Verwendete Literatur: Reclam XL-Ausgabe mit Materialanhang
Didaktisch-methodischer Kommentar
Gegenüberstellung der Frauenfiguren
In der Auseinandersetzung mit eigenen Zeichnungen weisen die Schülerinnen und Schüler anhand des Textes nach, wie ihr Bild von den beiden Frauen geprägt wurde. Attribute und Textstellen werden in einem Tafelanschrieb tabellarisch einander gegenübergestellt, zur besseren Verdeutlichung der Gegensätzlichkeit in Adjektive umgewandelt. Äußere und innere Attribute kommen hierbei zur Sprache. Durch gezielte Fragen sollte den Schülerinnen und Schülern bewusst werden, dass die Frauen je einer räumlichen Sphäre zugeordnet sind und so auch die Gespaltenheit Thiels bedingen. Darüber hinaus weisen die Zuschreibungen wenig individuelle Züge auf und werden als allgemeingültig abgesichert, indem der Erzähler sie auch den Leuten des Dorfes in den Mund legt (siehe Tafelbild 1, erste Sicherung).
Polarität: Stereotype Frauenbilder
Auf der Grundlage des Erarbeiteten beschäftigen sich die Schülerinnen und Schüler mit einem Auszug aus dem Materialanhang der Textausgabe, in dem die Funktion der Frauenfiguren als Projektionsfläche des Mannes thematisiert wird (Anhang Textausgabe, S. 79-81: Helmut Scheuer, Hauptmann: Bahnwärter Thiel, in: Interpretationen, Erzählungen und Novellen des 19. Jahrhunderts, Band 2, München 2008, S. 371-426, S. 399.)
Durch die Auseinandersetzung mit diesem Text gewinnen die Schülerinnen und Schüler ein tieferes Verständnis für die literarischen Entwürfe von Weiblichkeit und den Möglichkeiten einer psychologischen Deutung ebendieser. Ergänzend sollen die beiden zeittypischen Begriffe femme fatale und femme fragile als Stereotype der Literatur eingeführt werden.
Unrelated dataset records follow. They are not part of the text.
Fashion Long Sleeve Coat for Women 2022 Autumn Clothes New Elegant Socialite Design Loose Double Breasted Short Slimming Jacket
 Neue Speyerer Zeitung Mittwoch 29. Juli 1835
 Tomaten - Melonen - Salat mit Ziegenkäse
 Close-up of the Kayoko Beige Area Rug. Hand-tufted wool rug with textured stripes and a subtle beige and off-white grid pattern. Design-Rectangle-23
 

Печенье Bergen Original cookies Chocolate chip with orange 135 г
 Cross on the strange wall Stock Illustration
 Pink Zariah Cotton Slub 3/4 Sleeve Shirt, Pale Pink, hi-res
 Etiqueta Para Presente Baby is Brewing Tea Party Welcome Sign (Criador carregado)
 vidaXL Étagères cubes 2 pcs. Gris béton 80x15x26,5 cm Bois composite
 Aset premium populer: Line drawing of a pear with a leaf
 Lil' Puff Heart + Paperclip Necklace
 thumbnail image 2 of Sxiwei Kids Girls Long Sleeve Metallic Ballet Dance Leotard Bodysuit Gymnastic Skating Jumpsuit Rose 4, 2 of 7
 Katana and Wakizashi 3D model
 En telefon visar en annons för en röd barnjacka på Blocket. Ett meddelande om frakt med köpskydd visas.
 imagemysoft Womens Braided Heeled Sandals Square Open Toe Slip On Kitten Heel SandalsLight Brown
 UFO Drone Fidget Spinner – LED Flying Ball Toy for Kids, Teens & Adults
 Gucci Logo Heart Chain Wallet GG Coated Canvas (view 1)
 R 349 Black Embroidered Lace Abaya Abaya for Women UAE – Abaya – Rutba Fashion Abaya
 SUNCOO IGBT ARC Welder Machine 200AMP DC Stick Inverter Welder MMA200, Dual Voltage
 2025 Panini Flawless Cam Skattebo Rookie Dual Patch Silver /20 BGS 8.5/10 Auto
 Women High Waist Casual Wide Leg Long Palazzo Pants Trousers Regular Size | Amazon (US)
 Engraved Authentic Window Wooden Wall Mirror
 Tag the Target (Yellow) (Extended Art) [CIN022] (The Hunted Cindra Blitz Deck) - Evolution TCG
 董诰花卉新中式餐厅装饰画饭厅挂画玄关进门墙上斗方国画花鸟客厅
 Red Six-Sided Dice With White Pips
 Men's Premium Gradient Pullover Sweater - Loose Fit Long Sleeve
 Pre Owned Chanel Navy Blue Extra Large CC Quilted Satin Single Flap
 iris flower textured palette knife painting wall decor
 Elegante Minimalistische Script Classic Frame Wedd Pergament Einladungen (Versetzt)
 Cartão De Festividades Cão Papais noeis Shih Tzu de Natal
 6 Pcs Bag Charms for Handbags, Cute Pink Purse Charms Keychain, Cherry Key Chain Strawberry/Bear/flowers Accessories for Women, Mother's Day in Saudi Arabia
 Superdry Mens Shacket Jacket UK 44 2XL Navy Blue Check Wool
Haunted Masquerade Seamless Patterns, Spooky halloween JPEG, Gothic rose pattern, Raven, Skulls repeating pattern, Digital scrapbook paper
Im Auswertungsgespräch werden die beiden Termini femme fragile und femme fatale eingeführt und im Tafelanschrieb ergänzt. An dieser Stelle könnten intertextuelle und historische Bezüge, zum Beispiel durch Verweis auf die Texte Arthur Schnitzlers erfolgen. Der Fachbegriff Stereotyp wird in diesem Zusammenhang erläutert. Die Zusammenfassung (Musterlösung siehe Tafelbild) der Schülerinnen und Schüler sichert das Stundenergebnis abschließend.